=== Exercise data ===
────
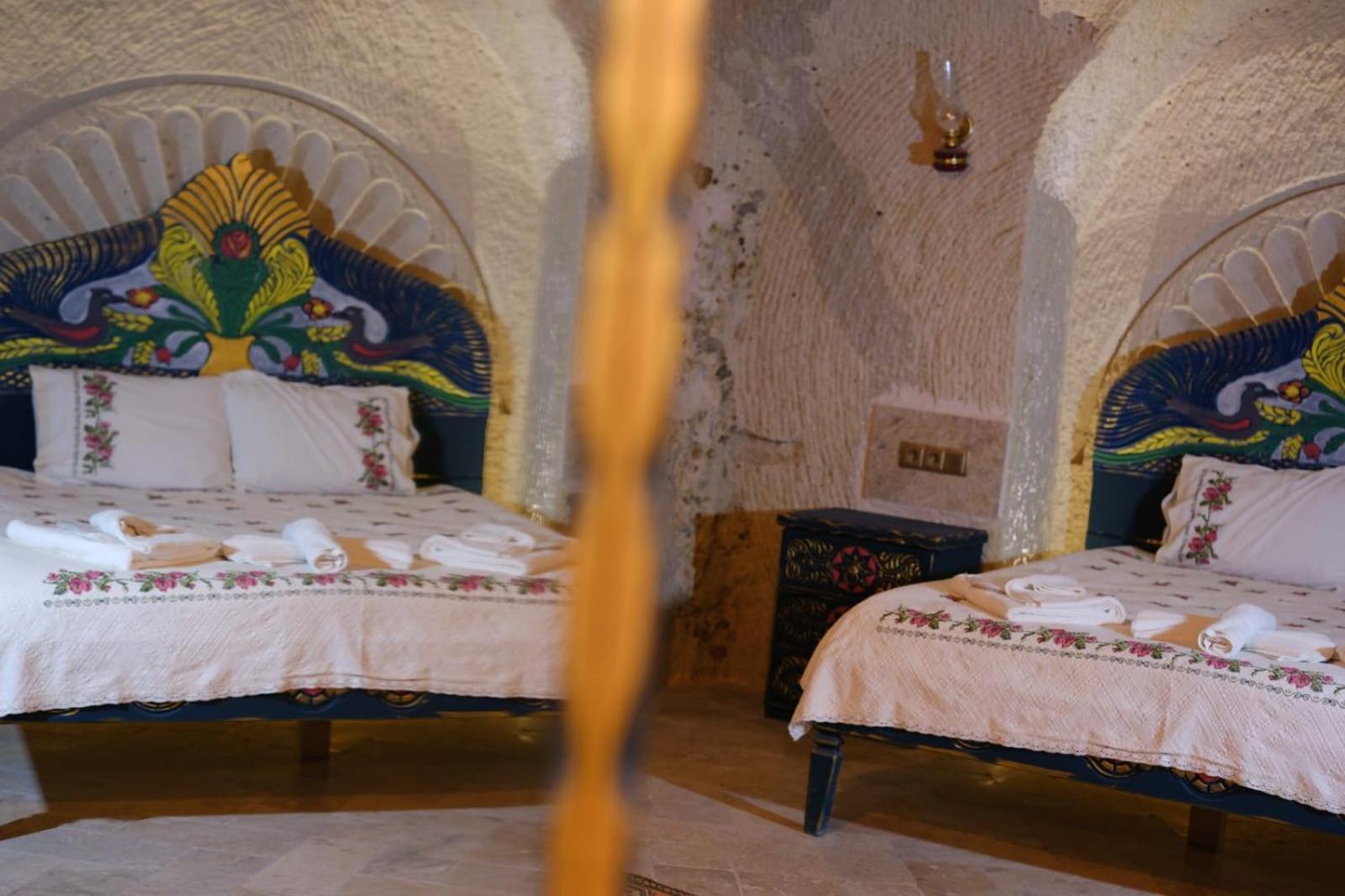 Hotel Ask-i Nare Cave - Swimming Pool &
────
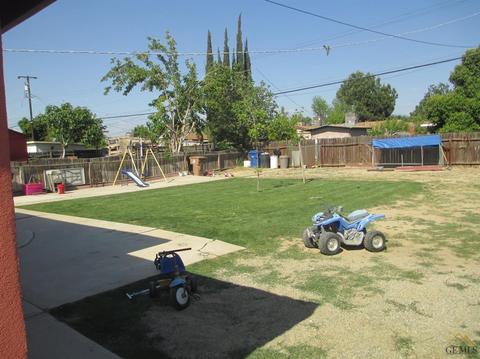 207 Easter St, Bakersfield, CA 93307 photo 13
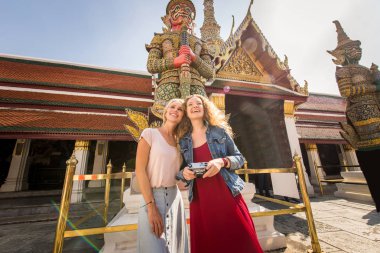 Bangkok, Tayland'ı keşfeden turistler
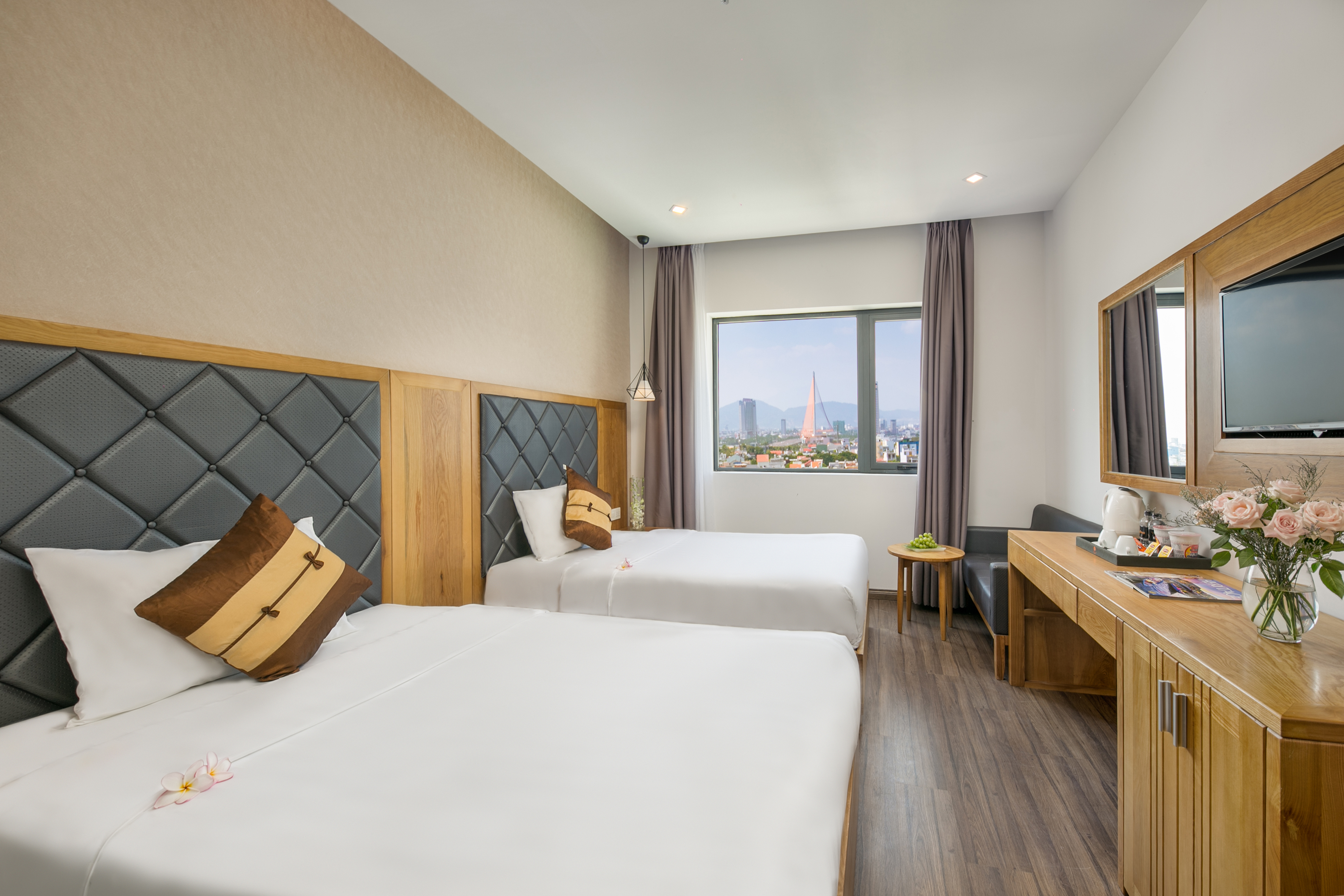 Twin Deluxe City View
────
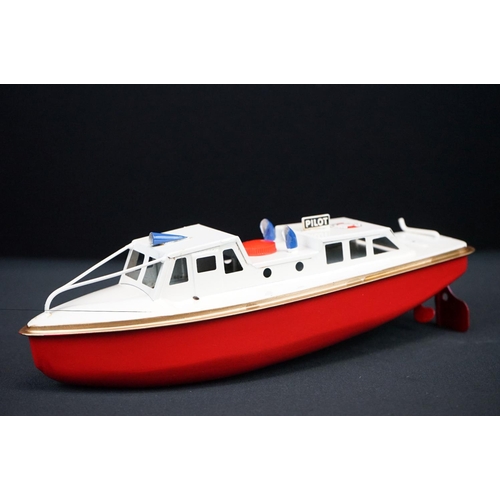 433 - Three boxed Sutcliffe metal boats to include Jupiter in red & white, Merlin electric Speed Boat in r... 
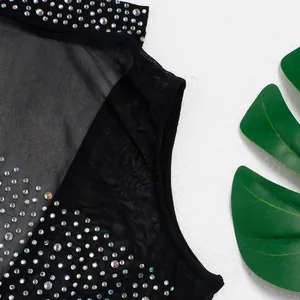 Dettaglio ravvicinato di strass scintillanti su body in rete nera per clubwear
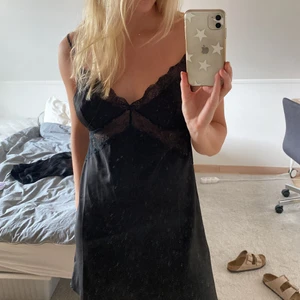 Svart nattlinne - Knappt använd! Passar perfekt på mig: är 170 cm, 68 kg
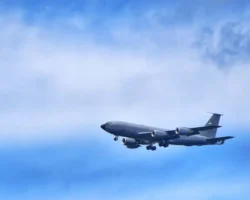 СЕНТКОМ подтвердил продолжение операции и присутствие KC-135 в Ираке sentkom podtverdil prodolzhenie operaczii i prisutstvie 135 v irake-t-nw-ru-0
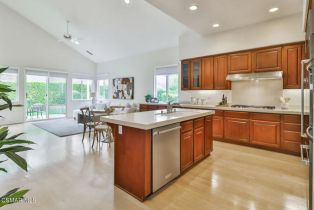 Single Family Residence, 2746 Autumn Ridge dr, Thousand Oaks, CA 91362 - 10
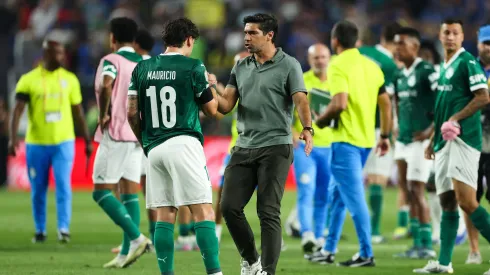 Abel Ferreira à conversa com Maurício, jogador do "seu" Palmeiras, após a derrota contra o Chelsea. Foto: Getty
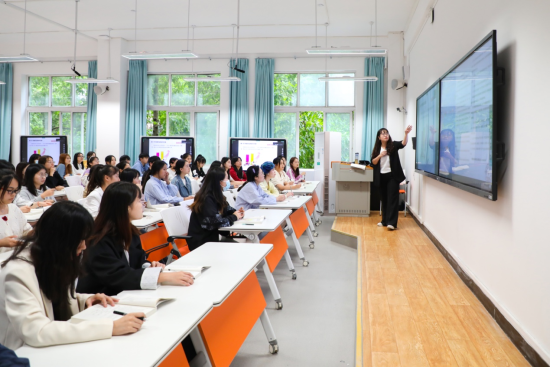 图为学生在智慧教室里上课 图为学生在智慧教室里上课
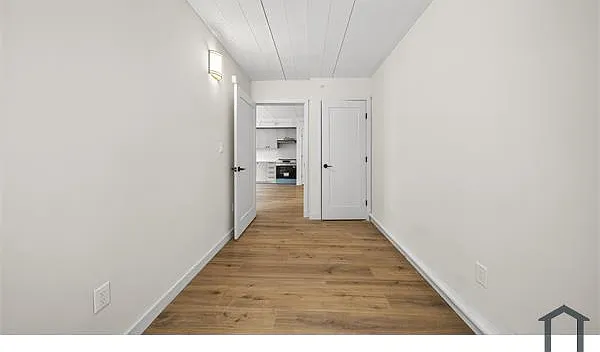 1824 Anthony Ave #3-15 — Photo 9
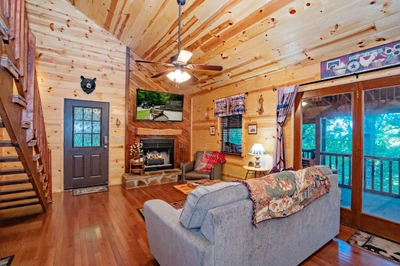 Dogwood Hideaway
────
=== Required work ===
Among the records above, locate the line containing "СЕНТКОМ подтвердил продолжение" and the line containing "Dogwood Hideaway", then transcribe exactly the lines starting at the first and ending at the second, with no pictures.

=== Output below ===
 СЕНТКОМ подтвердил продолжение операции и присутствие KC-135 в Ираке sentkom podtverdil prodolzhenie operaczii i prisutstvie 135 v irake-t-nw-ru-0
 Single Family Residence, 2746 Autumn Ridge dr, Thousand Oaks, CA 91362 - 10
 Abel Ferreira à conversa com Maurício, jogador do "seu" Palmeiras, após a derrota contra o Chelsea. Foto: Getty
 图为学生在智慧教室里上课 图为学生在智慧教室里上课
 1824 Anthony Ave #3-15 — Photo 9
 Dogwood Hideaway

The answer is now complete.